In the United States, the candy market is dominated by two companies: Mars Incorporated and The Hershey Company. You know Hershey as the maker of Kisses, Reese’s Peanut Butter Cups and Kit Kat Bars. Mars pops out M&Ms, Twix, Snickers and Milky Way bars. In 1999, when this book was written, their combined products dominated 75% of the candy rack. Mars is privately owned, and the Mars family puts great priority on protecting their privacy. With their top rival keeping mum on nearly everything, Hershey has also become intensely secretive, even though it’s a publically owned company. Reporter Joel Glenn Brenner spent over ten years on this book, interviewing former employees, combing through Hershey’s archives, and scoring an exclusive interview with elusive members of the Mars family.

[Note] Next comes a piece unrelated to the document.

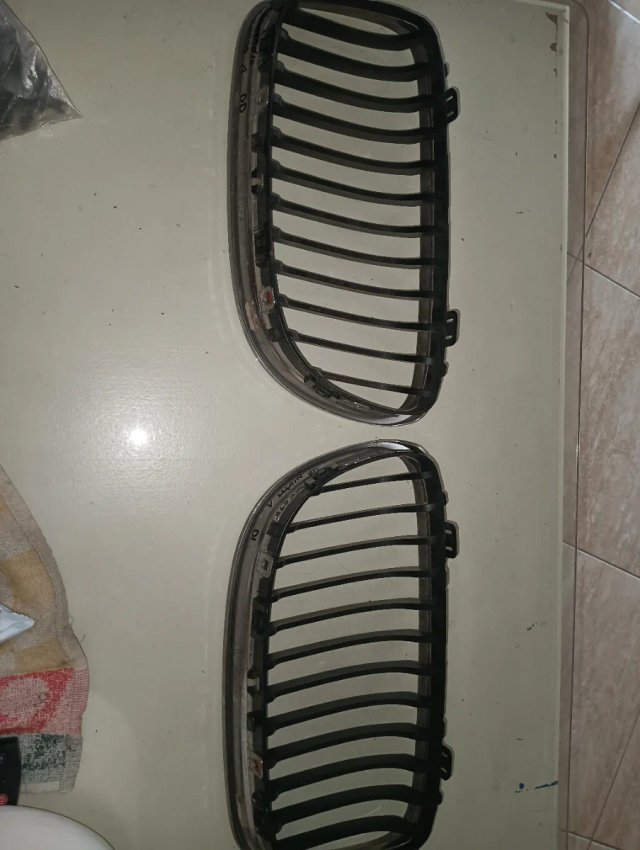 Rejillas BMW E90 2010
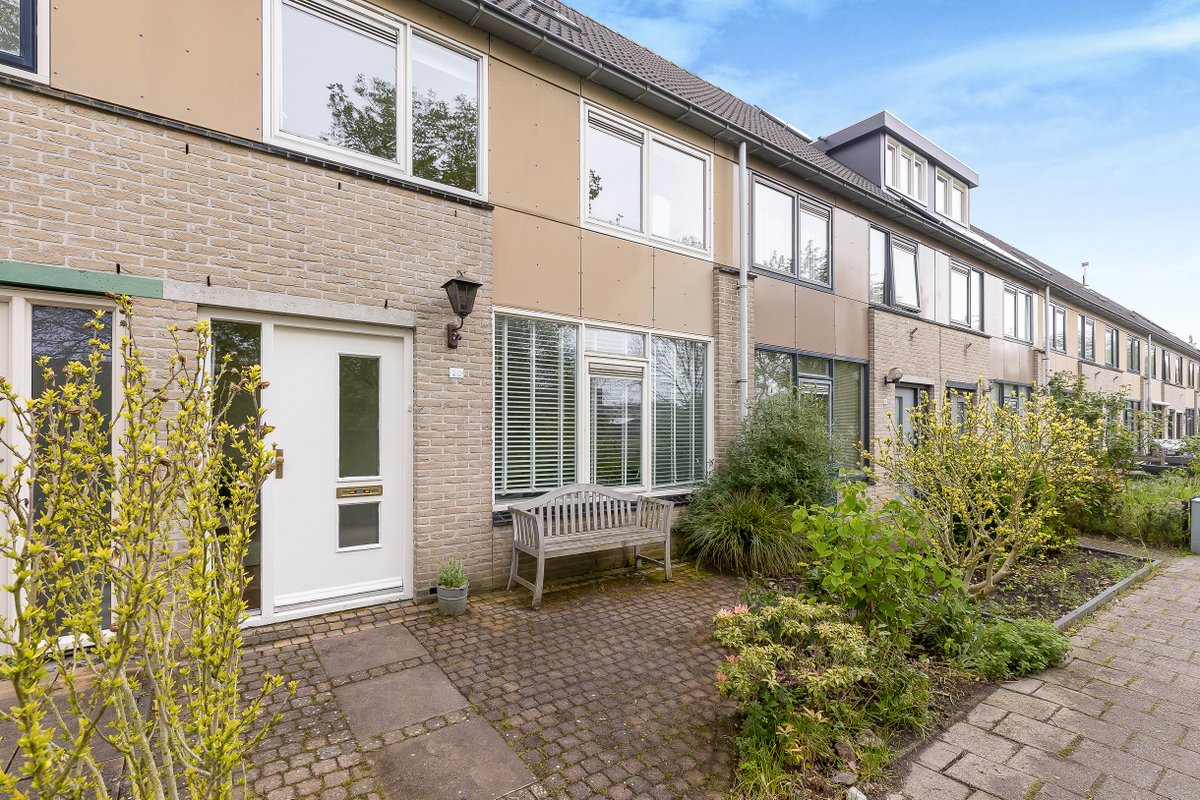 Nieuw te koop in #Almere #huis te koop in #Muziekwijk. uitzicht op Stadsgracht. 5 slaapkamers mogelijk! Bieden vanaf 350000. Straks op #funda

It’s a fascinating read. Brenner studies these two chocolate giants and their effect on all fronts, covering their history, marketing, economic impact, social goals, and their products. The book is as much about the chocolates and sweets as the people behind them. It was almost scary to learn just how big Mars is; in addition to the candy line, they also own Uncle Ben’s Rice and Pedigree Petfoods. Likewise, I had known that Hershey, Pennsylvania was where the Hershey factory was located, but I didn’t know that Milton Hershey had also founded and funded a school that provided board and education for disadvantaged youth which is still in operation today. That was pretty cool to learn.
Brenner does an excellent job peeling away the mythology of Willy Wonka and his magical chocolate factory. Marketed as a business book, The Emperors of Chocolate does spend a lot of time talking about the management styles of Hershey and Mars, number-crunching, and failed/successful marketing campaigns. But it’s never boring, even if you haven’t the least bit of interest in business, because the companies are dominated by the personality and goals of the founders, whose influence has not diminished over the years since their deaths.
So, y’know, if you like candy (and who doesn’t?) check this book out. Even though it’s over ten years old, The Emperors of Chocolate still provides a lot of insight into one of the most fascinating industries out there.